▸ WORK TO COMPLETE:
Could you please reproduce all the records below exactly, leaving out the images?

-------- DATASET EXTRACT --------

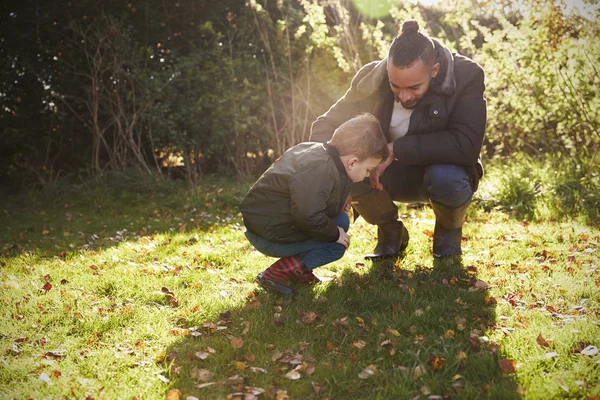 Pojke och far spela i trädgården — Stockfoto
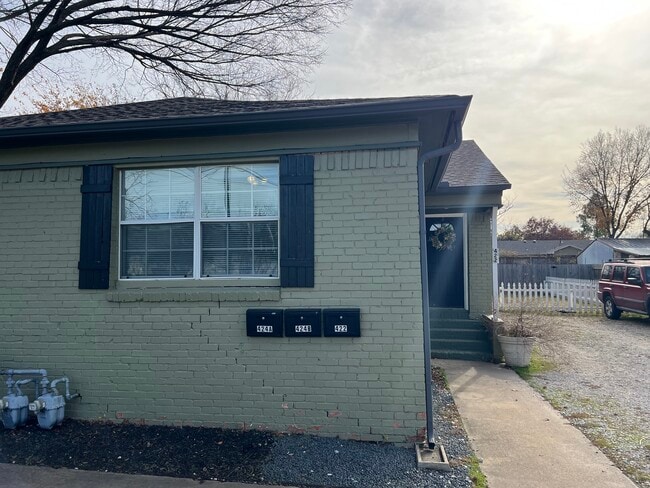 Photo - 422 E Worth St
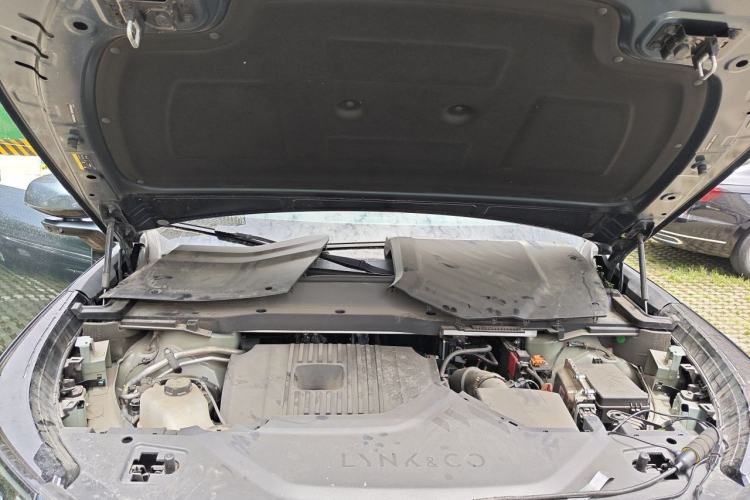Used Lynk & Co 900 2025 2.0T Ultra Engine Bay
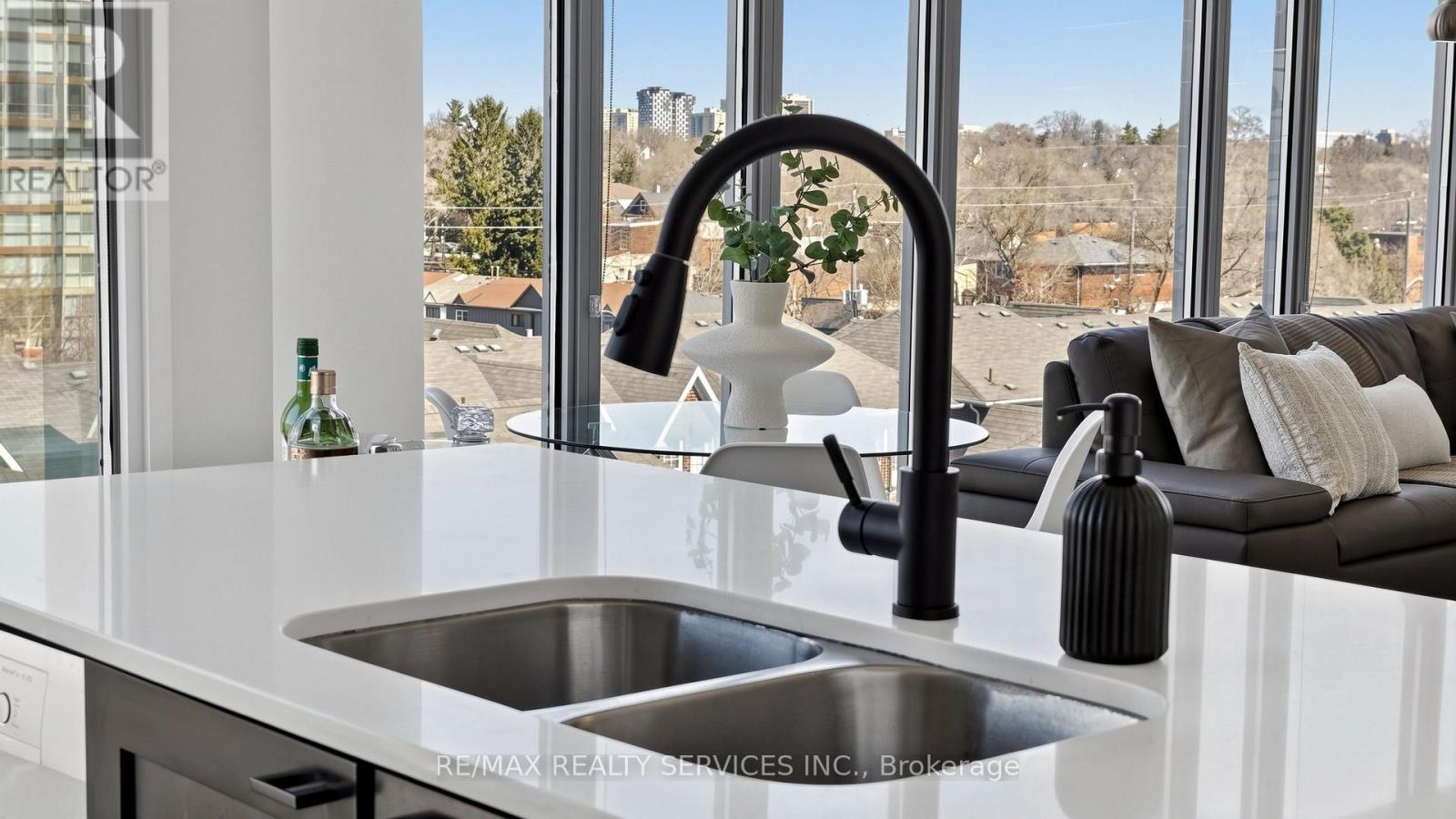 511 - 105 The Queensway Avenue, Toronto, Ontario  M6S 5B5 - Photo 16 - W12978228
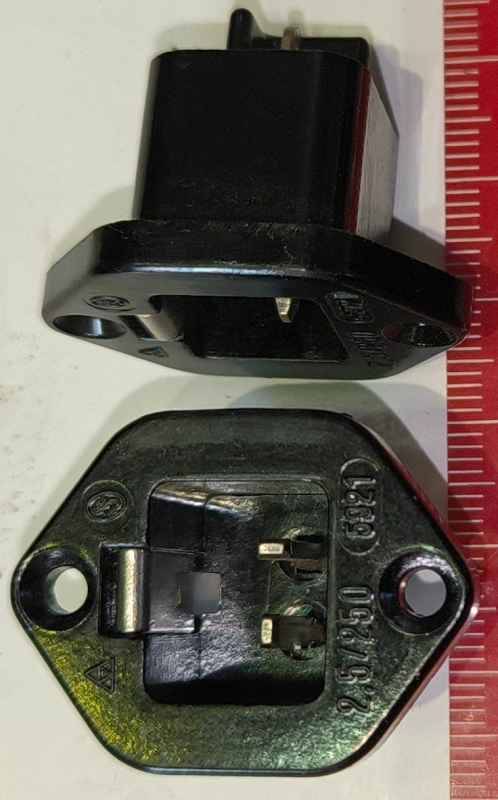 vidlice 5921 přístr panelová pro vidlici 5923,  kontakty - 1xvertik 1x horizont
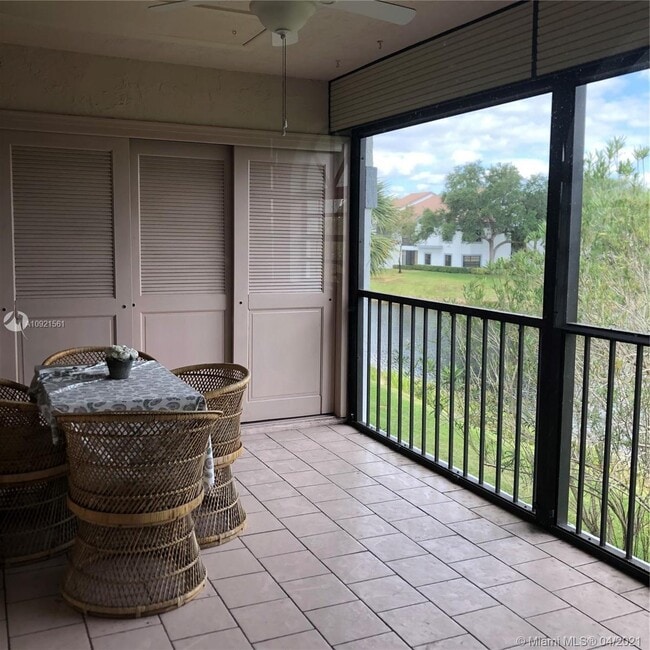 Building Photo - 5439 Verona Dr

--------

▸ YOUR RESPONSE:
 Pojke och far spela i trädgården — Stockfoto
 Photo - 422 E Worth St
Used Lynk & Co 900 2025 2.0T Ultra Engine Bay
 511 - 105 The Queensway Avenue, Toronto, Ontario  M6S 5B5 - Photo 16 - W12978228
 vidlice 5921 přístr panelová pro vidlici 5923,  kontakty - 1xvertik 1x horizont
 Building Photo - 5439 Verona Dr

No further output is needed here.